Tulyet had sustained a cut over one eye in the skirmish near the river, and he told Bartholomew that reinforcements from his deputy had arrived in the nick of time. Langelee had apparently fought like the Devil, and it was only with his help that Tulyet and those soldiers who had remained loyal had managed to hold off the ambushers. The deputy’s force had tipped the balance, and those of Harling’s men who had not been killed in the fighting were now safely in the castle prison – among them Alan of Norwich and his mercenaries.

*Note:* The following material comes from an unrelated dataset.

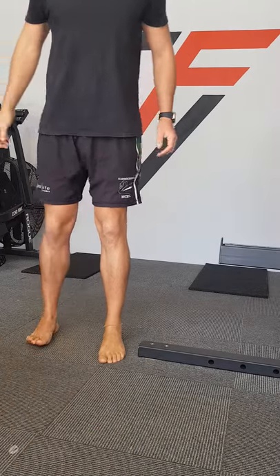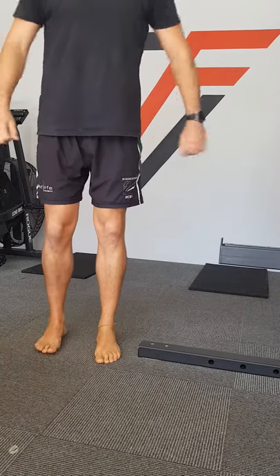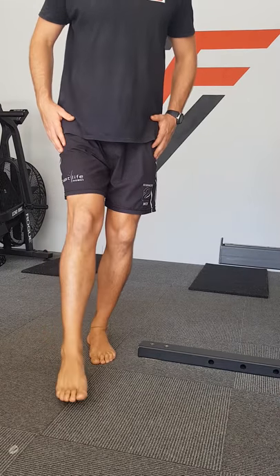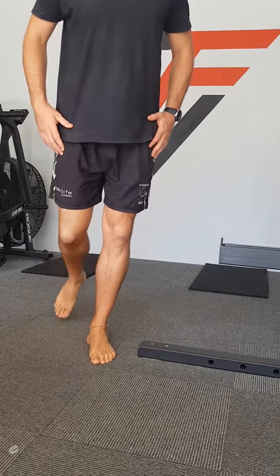You can do it with a foam roller. I think most of the people listening know the benefits of body tempering, at least from this podcast.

As Tulyet gave Bartholomew and Cynric this information, one of the soldiers said he knew where there was a track that led to the village of Fen Ditton through the marshes. He led the way a short distance to the north, and gestured at the undergrowth, but Bartholomew could see nothing that remotely resembled a path. Nevertheless, he followed the soldier through the tangle of vegetation with the others trailing behind, Cynric pointing out broken leaves and footprints that indicated someone had passed that way, although whether it was Harling and Dame Pelagia was impossible to tell.
‘So who are you?’ asked Bartholomew of Langelee as they walked together. The big philosopher looked pleased with himself, basking in the glory of having saved the Sheriff and his garrison from certain annihilation. ‘An agent of the King?’